▶

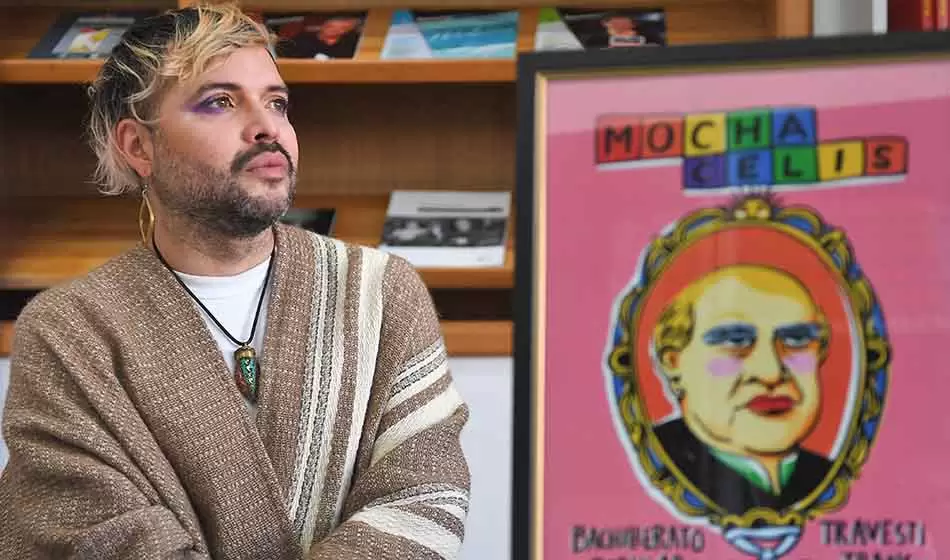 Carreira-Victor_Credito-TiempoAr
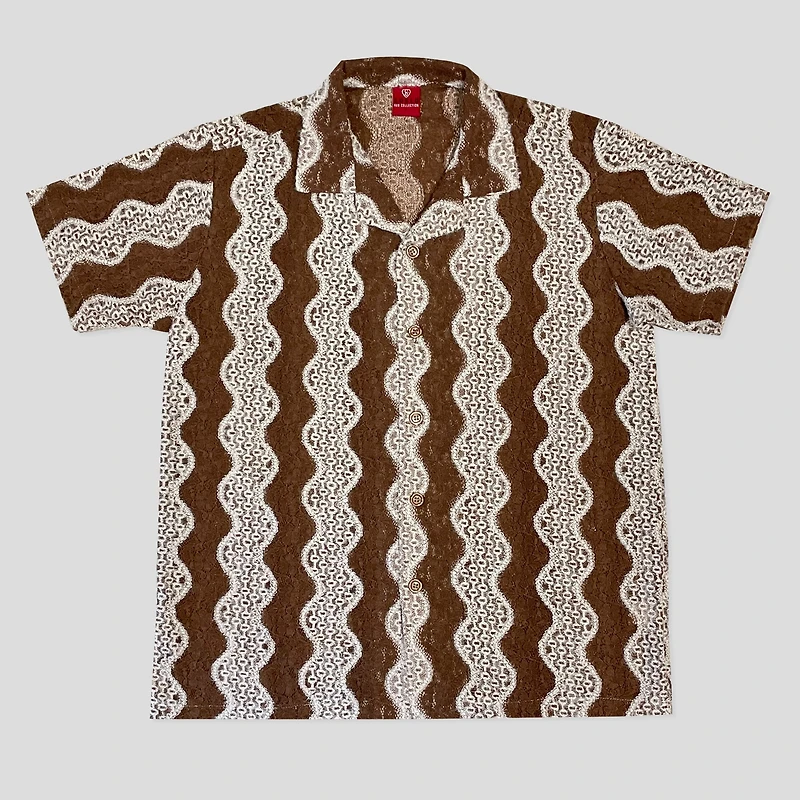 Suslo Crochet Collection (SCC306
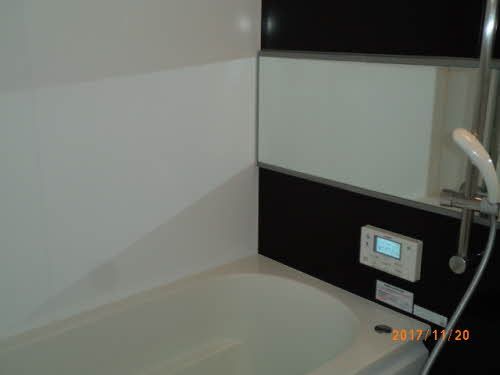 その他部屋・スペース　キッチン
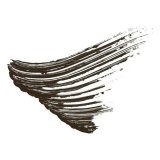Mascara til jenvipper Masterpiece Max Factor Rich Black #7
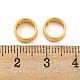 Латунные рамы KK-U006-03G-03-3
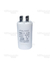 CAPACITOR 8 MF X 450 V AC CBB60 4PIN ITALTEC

◀

§ What this task involves
Exclude the pictures, then write out every record exactly as it stands.

§ Result of this task
 Carreira-Victor_Credito-TiempoAr
 Suslo Crochet Collection (SCC306
 その他部屋・スペース　キッチン
Mascara til jenvipper Masterpiece Max Factor Rich Black #7
 Латунные рамы KK-U006-03G-03-3
 CAPACITOR 8 MF X 450 V AC CBB60 4PIN ITALTEC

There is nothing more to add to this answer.